Szed, dla Ciebie może i ssie . Powiem coś z mojego punktu widznia, zacznę od muzyki. Porównanie jest dość dziwne. Z jednej strony muzyka w latach 70. była lepsza, to był ten szczyt, ekstremum paraboli całej historii muzyki rozrywkowej, ale z drugiej strony... 3 najlepsze albumy muzyczne są właśnie z lat 80., czwarty na mojej liście jest 1979, a 5 i 6 ponownie z lat 80. Więc ja już nie wiem czy wolę 70s czy 80s, ale wiem jedno - pod względem muzycznym lata 80 zdecydowanie nie ssały. Przynajmniej na początku, bo potem powstało wiele szajsu bliskiemu współczesnej muzyce.
Je, teraz to co tygryski lubią najbardziej - filmy i seriale. Seriali z tamtych lat, poza Miami Vice, chyba nie znam, ale ten jeden tytuł mówi wiele. A filmy? Hmm... ja uwielbiam, ale można lubić albo nie lubić, w każdym razie nie możesz zaprzeczyć jednemu - bardzo dużo filmów z tamtych lat stało się kultowymi. Sporo świetnych podał Balav i Lord Jabba. Terminator, Łowca androidów, ekhmm... STAR WARS , Indiana Jones, Powrót do przyszłości, Dawno temu w Ameryce, Nietykalni, Człowiek z blizną, Lśnienie, Obcy 2, Szklana pułapka i wiele, wiele innych znakomitych filmów. Tak jak przy muzyce porównywałem z najlepszymi - latami 70, tak i tu. Było wiele świetnych okresów dla kina, ale okres 1990-1995 miecie najbardziej. Po prostu taki zestaw filmów jaki w tych latach powstał nie powstanie przez najbliższe 20 lat. A rok 1995 to najlepszy rok w historii kina wg mnie - 3 moje najlepsze/ulubione filmy są właśnie z 1994 - łatwo się domyślić jakie .

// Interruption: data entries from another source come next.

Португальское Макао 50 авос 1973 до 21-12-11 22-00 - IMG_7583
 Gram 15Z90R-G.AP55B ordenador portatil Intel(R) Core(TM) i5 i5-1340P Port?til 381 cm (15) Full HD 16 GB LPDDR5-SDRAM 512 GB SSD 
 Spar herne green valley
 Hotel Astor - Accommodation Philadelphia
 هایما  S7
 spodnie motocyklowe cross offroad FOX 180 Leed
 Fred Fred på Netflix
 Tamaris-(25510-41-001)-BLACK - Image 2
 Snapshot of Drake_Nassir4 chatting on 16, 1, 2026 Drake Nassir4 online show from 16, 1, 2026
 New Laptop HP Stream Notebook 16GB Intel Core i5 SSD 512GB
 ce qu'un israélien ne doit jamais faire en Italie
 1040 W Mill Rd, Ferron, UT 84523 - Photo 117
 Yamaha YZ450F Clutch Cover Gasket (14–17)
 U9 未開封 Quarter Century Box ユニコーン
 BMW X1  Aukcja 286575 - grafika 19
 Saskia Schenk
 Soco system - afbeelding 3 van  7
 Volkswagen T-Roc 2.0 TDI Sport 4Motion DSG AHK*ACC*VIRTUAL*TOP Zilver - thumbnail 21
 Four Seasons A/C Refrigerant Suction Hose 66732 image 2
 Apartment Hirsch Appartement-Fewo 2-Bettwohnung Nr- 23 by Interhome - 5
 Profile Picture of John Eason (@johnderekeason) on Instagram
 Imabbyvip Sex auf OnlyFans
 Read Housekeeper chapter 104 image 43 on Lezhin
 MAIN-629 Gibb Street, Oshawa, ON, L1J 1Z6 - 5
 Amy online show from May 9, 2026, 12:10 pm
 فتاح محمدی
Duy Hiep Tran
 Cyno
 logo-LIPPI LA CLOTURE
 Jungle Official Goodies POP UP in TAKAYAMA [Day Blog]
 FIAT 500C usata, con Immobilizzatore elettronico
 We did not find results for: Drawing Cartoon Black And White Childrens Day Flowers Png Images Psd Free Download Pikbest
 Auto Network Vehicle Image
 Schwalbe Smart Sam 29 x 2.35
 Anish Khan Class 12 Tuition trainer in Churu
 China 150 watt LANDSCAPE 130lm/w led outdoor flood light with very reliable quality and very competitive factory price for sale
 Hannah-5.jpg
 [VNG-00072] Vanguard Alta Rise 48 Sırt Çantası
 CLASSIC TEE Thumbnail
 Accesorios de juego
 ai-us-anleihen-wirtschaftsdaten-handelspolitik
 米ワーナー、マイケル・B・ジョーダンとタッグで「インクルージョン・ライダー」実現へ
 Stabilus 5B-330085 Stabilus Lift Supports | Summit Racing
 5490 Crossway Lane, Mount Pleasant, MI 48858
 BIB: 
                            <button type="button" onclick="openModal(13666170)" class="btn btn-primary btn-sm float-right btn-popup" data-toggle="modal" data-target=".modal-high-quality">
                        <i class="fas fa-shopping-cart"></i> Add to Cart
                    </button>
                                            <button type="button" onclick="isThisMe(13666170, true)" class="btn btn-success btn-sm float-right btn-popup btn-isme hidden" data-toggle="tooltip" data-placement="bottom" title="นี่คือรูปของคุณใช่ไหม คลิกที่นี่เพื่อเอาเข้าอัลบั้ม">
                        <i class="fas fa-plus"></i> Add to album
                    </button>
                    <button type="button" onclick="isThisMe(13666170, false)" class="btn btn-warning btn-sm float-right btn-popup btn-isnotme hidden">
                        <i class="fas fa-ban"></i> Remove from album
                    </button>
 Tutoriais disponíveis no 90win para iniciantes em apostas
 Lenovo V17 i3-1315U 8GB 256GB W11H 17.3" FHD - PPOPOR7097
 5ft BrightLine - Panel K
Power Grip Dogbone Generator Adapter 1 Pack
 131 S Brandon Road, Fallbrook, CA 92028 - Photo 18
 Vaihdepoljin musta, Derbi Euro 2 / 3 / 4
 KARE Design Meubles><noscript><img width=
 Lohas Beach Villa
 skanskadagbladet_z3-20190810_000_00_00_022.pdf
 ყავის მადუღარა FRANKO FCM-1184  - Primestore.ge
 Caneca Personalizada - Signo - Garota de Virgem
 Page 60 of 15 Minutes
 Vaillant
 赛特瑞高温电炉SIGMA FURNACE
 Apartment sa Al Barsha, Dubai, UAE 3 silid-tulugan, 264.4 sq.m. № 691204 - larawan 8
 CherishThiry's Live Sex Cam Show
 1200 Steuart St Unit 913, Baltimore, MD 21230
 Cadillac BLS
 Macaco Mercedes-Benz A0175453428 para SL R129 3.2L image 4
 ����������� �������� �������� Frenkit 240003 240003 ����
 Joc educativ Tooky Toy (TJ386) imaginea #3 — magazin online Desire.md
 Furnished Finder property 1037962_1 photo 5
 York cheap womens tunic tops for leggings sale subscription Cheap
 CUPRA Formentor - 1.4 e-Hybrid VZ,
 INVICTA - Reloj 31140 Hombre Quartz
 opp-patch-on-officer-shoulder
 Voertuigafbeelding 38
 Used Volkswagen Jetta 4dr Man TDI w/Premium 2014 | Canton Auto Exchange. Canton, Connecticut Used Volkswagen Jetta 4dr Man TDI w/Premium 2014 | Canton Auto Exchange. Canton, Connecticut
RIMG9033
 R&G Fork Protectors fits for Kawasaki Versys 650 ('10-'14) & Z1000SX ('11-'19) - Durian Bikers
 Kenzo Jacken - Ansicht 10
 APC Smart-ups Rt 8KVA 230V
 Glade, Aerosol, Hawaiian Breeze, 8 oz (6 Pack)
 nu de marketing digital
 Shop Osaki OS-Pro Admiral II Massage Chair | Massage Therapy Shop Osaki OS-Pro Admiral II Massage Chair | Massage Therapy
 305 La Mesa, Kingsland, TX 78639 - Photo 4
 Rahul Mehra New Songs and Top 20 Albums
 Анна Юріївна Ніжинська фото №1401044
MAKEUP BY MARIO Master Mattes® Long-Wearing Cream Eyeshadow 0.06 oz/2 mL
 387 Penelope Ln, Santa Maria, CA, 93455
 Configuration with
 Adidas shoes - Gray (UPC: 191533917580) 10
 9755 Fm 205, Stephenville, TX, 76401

Gry . Hell yeah, wiele gier z końca lat 80. mają o niebo więcej klimatu niż 80% dzisiejszych . Zawsze była i będzie dyskusja i kłótnie czy starsze gry są lepsze. Dla mnie odpowiedź jest prosta - starsze, jako ogół, są lepsze. Historia gier jest krótka, prym wiedzie końcówka lat 90.
Podsumowując - lata 80 nie ssają . Ciężko określić czy są lepsze od innych, to zależy - np. z latami 90, w filmie poziom porównywalny, ale w muzyce jest bez porównania.